Part of the problem, he said, was a lack of “the capability in our organisations to talk about capability” with no genuine strategic workforce management to speak of. Effective collaboration with all different kinds of organisations, and not just in service delivery but service co-design as well, is widely considered a key capability for the public sector of the future.
Unfortunately, more of the commission’s research from about two years ago showed NSW public servants were “at a very, very, very embryonic stage in any kind of meaningful journey about collaboration” despite thinking of themselves as quite skilled at working with others.
In a world where success requires collaboration, Head thinks there’s lots more work to be done, at least in his neck of the woods.
“I don’t believe at this stage that we have a clear sense of how we currently do it, how that compares even in our existing operating models with how we should be doing it [and] how we lift our current performance, but more importantly, how we envisage building organisations that are much more relaxed and effective in what will ultimately be a much more fluid and dynamic set of relationships with other players.”
Embrace the churn and break down the public-private divide
A question from Twitter reminded Lloyd that 43% of APS staff do not see themselves in the service by 2020, according to a recent independent survey. It would be “terrific” if that came to pass, he replied without hesitation.
“Those who are going, we love what you’ve done, and we appreciate it, you’ve done a fantastic job, but for the generation of new people coming through it’s very encouraging,” he said.
The APS commissioner was much keener to find ways to avoid crushing the enthusiasm that new graduates bring to the service, and address a decline in the under-30 age group which he is still investigating.

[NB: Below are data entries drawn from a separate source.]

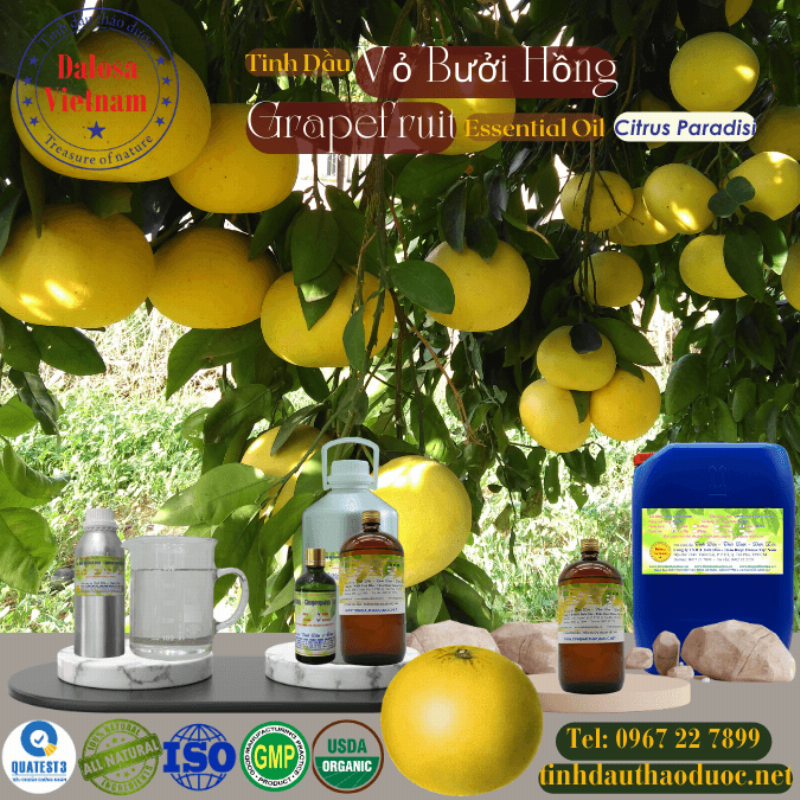 Hinh anh can canh vo buoi xanh muot chua nhung tui tinh dau ly ti, the hien nguon goc cua tinh dau buoi thien nhien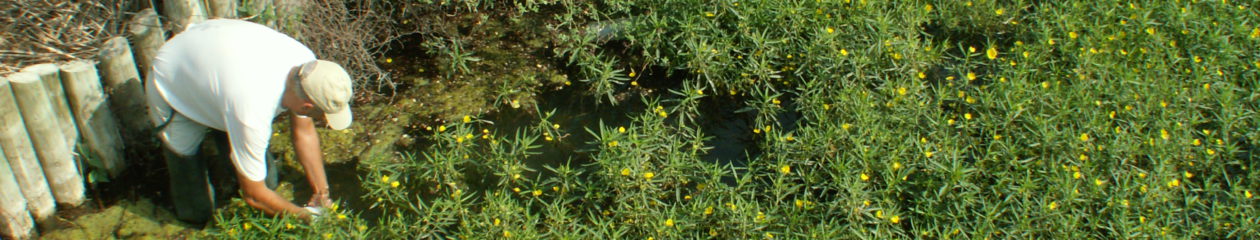 Càdec, Taller de Gestió Ambiental, S.L. – Wildlife Management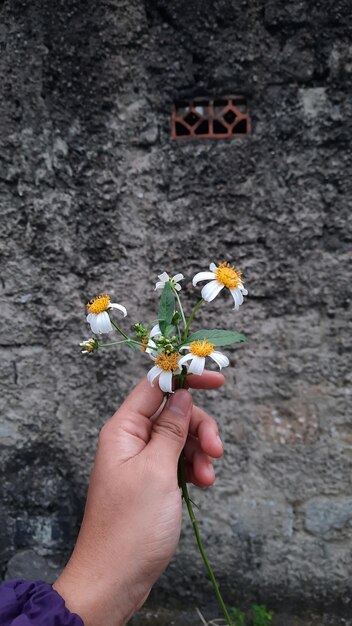 Hand holding beautiful white flower on textured brick wall background 01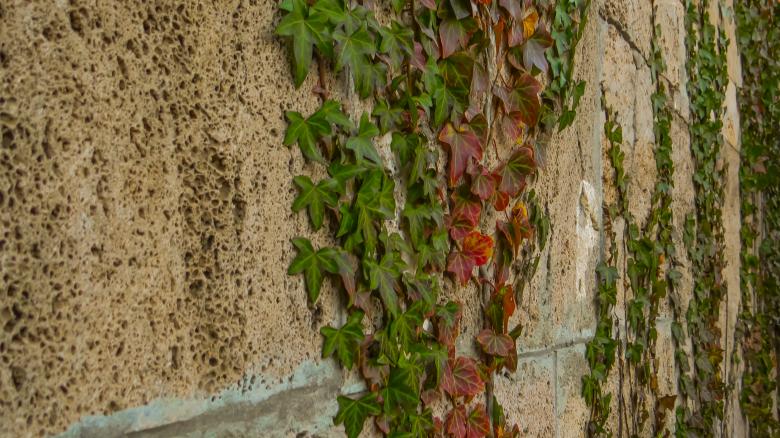 Free stock image of Wall plant  created by Janis Urtans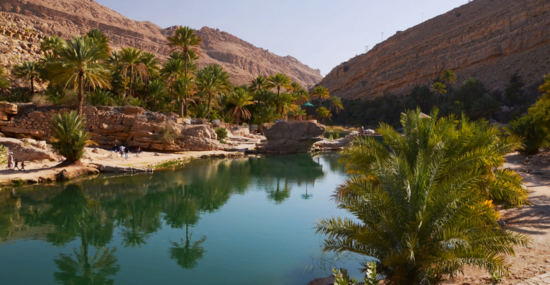 © Pavel Svoboda - Fotolia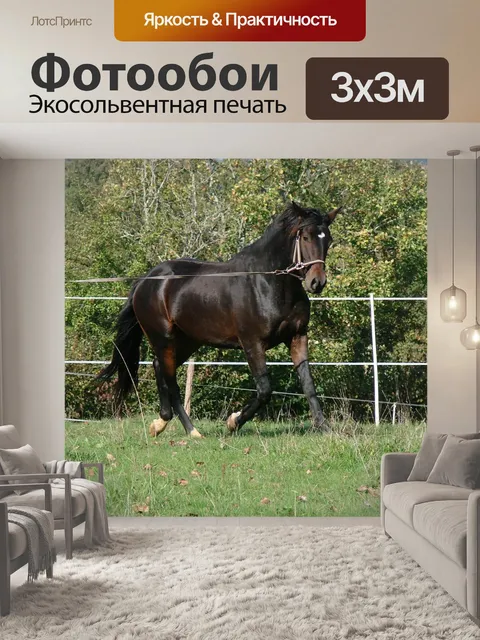 Фотообои Спорт
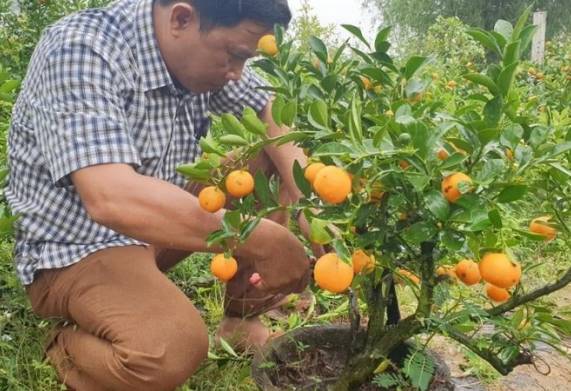 Kỹ thuật trồng cây quất sau tết đúng cách giúp cây phát triển tốt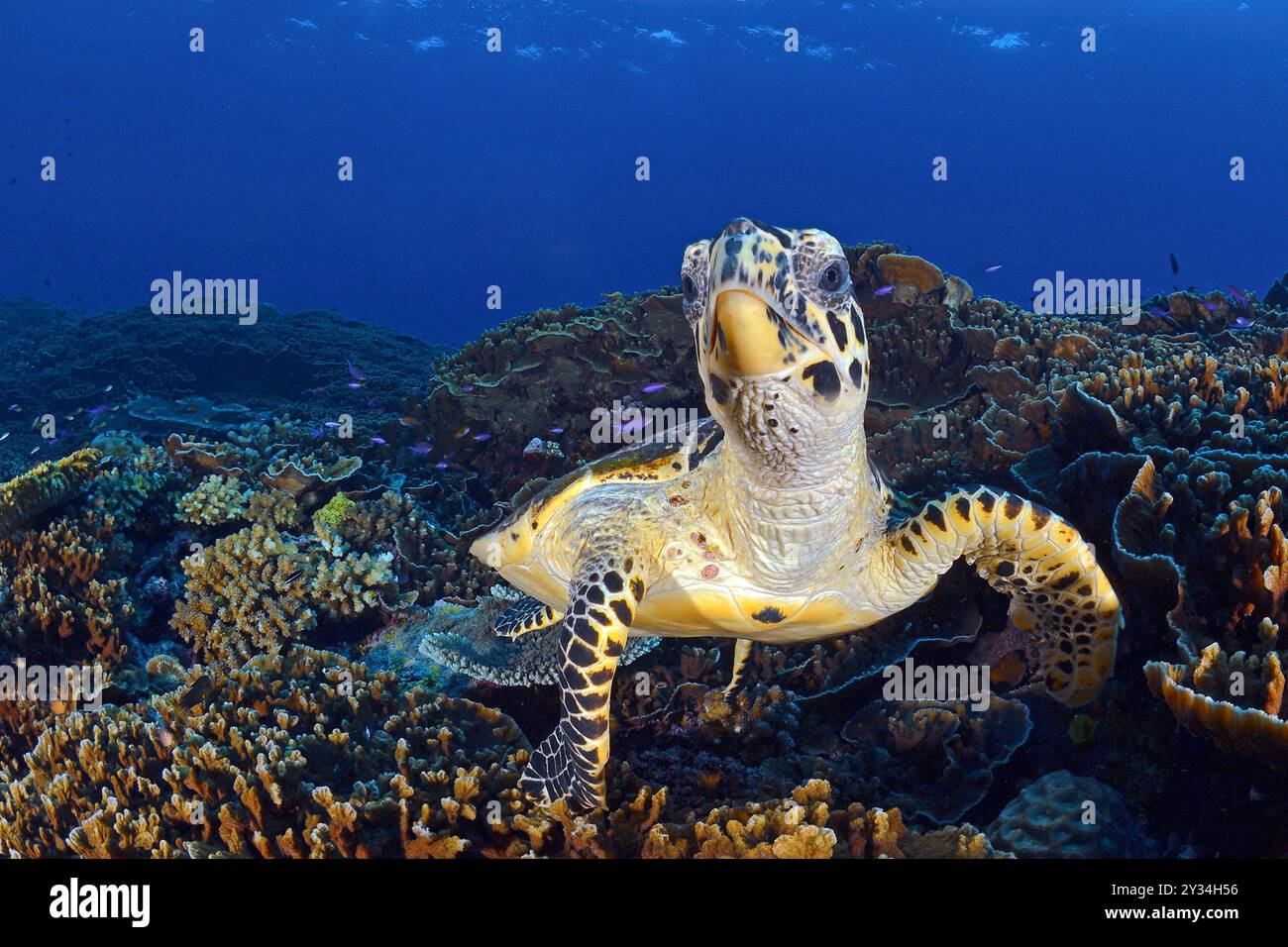 Green sea turtle (Chelonia mydas), Ari Atoll, Maldives Stock Photo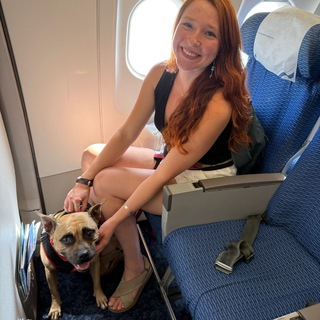 Вуф Вингс | как путешествовать с собакой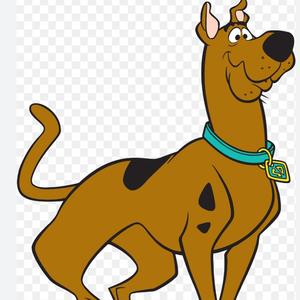 JS WTGBM (Radio Edit)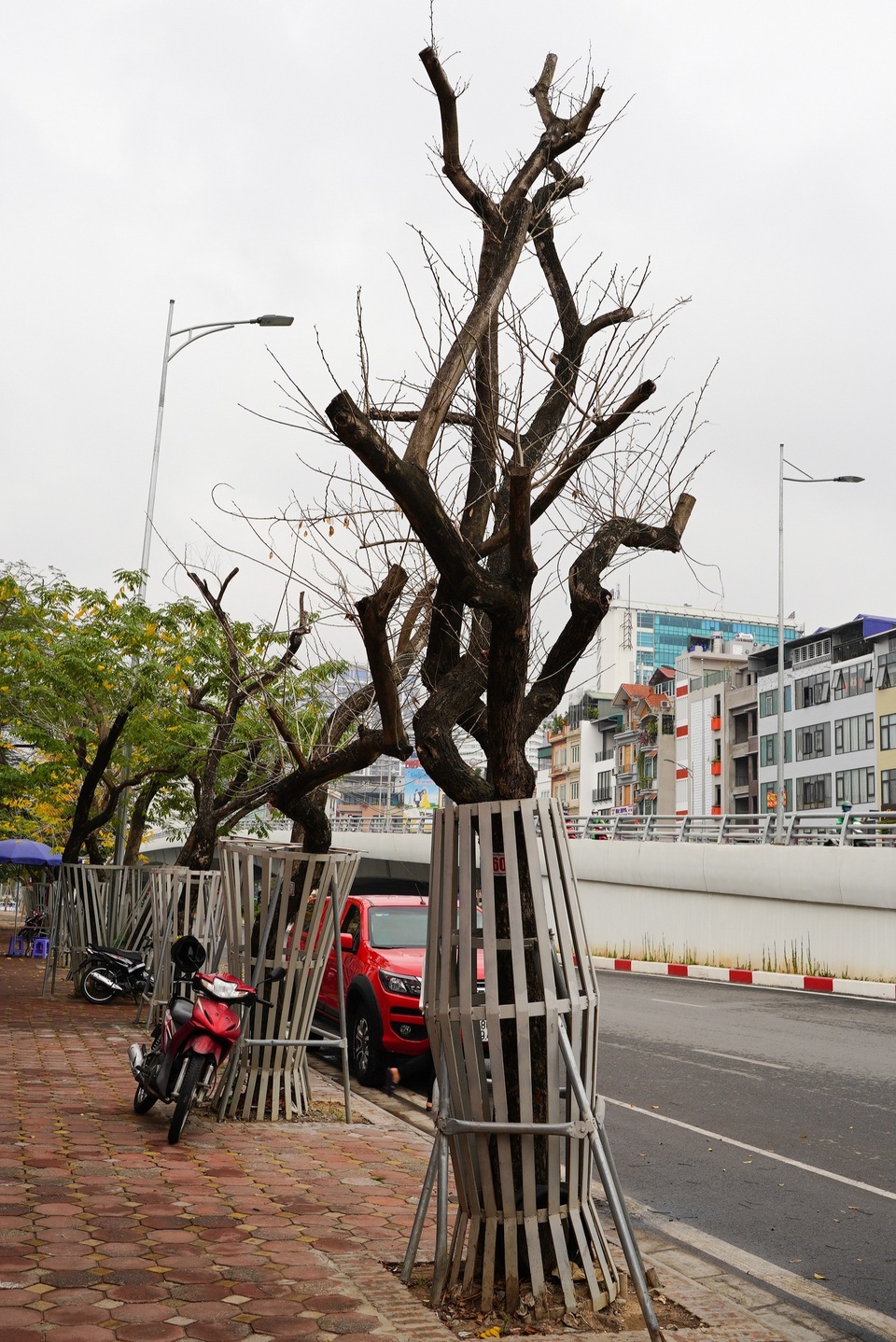 7 cây sưa đỏ quý hiếm trên đường Nguyễn Văn Huyên ở Hà Nội đã chết - 9 7 cây sưa đỏ quý hiếm trên đường Nguyễn Văn Huyên ở Hà Nội đã chết - 9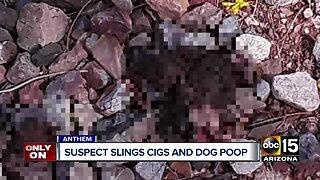 Suspect slings cigarettes and dog poop in Anthem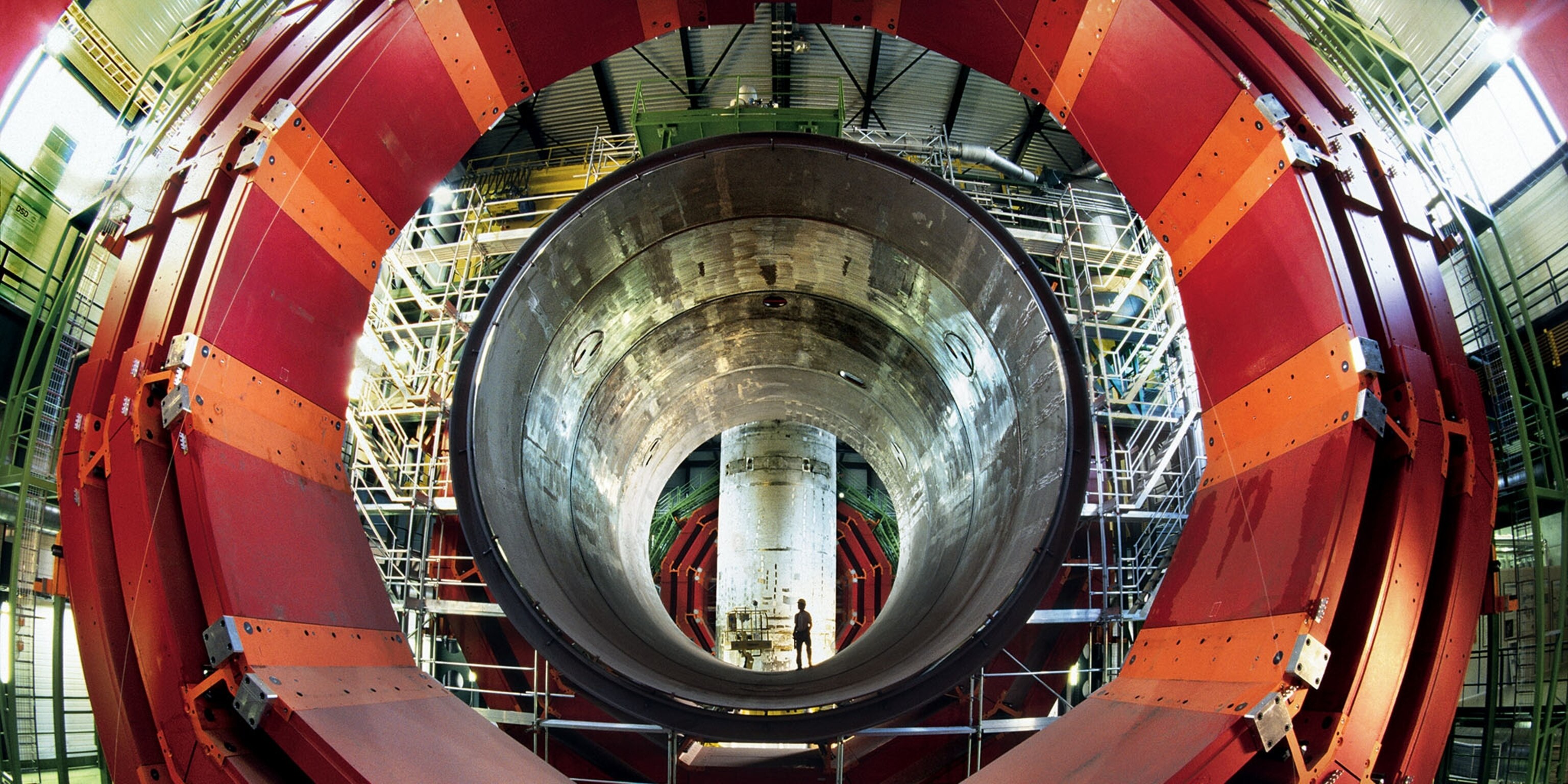 Large Hadron Collider Black Hole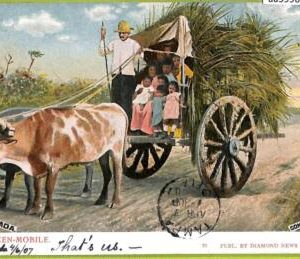 aa5996 - HABANA - Vintage Postcard - Ethnic - 1907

One of the key themes that came out of the session was the need to break down the divide between the public sector and other kinds of work and create a less insular public sector workforce. The commissioners see this happening not only through secondments with companies and charitable organisations but also by greater employment mobility between the public and other sectors.
Armytage, a former Victorian government mandarin who now plays a lead role in a ‘big four’ accounting firm, said the prospect of nearly half of current APS staff working elsewhere in five years didn’t worry her at all. She suggested the ideal public sector workforce would be a roughly even split between lifers, up-and-comers on the fast track to the top, and new recruits.
“I personally think that’s quite a healthy sign, not something to be overly worried about … because in my experience now from working outside the public sector, very often once people leave they think about what a fantastic job it was, and the breadth of opportunities they had wasn’t as narrow as it can be in some other sectors,” she said.
“Many [want] to go back at some stage into the future and maintaining that opportunity and the open door for people to go in and out of the sector, I think, has to be the way of the future.”
Head said the IPAA’s incoming president “nailed it” in his view, but also pointed out that in NSW, turnover was declining as staff with defined benefit superannuation schemes retired. He said it was important to be clear that significant workforce changes were looming, and that more rotation in and out of public service jobs for a few years at a time would be one feature.
Simpler recruiting processes that make it easier for both applicants and employers is one step in that direction.